Church of St John is a Grade II listed building in the West Suffolk local planning authority area, England. First listed on 24 October 2024. Church.
Church of St John
- WRENN ID
- last-corner-dust
- Grade
- II
- Local Planning Authority
- West Suffolk
- Country
- England
- Date first listed
- 24 October 2024
- Type
- Church
- Source
- Historic England listing
Description
Church of St John
Anglican church, built as a chapel of ease between 1875 and 1876 to architectural designs by John Drayton Wyatt.

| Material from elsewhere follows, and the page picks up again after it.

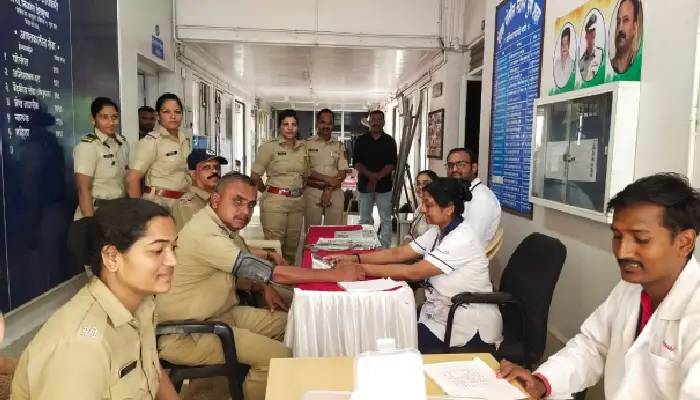 Pune Mundhwa Police News | Pune: Sahyadri Hospital Collaborates with Mundhwa Police for Health Check-Up Camp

The church is roughly T-shaped on plan, comprising a four-bay nave and three-bay chancel laid out on an east-west axis, a porch near the west end of the south elevation, and a single-bay south transept with a small lean-to vestry to its east side.
The walls are constructed of flint with continuous polychromatic red- and gault-brick bands at sill and springing levels, with alternating brick voussoirs to openings throughout. The elevations and corners have shallow buttresses with stone dressings and gault-brick quoins. The roofs are pitched and slate covered, with a band of lighter-coloured slate around mid-way down each slope, timber bargeboards and wrought-iron apex crosses; the roof of the chancel is slightly lower than the nave. A square-plan bellcote with a shingle-covered spire and wrought-iron apex cross sits at the west end of the nave roof; the bellcote has timber-framed walls with timber louvres and rendered panels.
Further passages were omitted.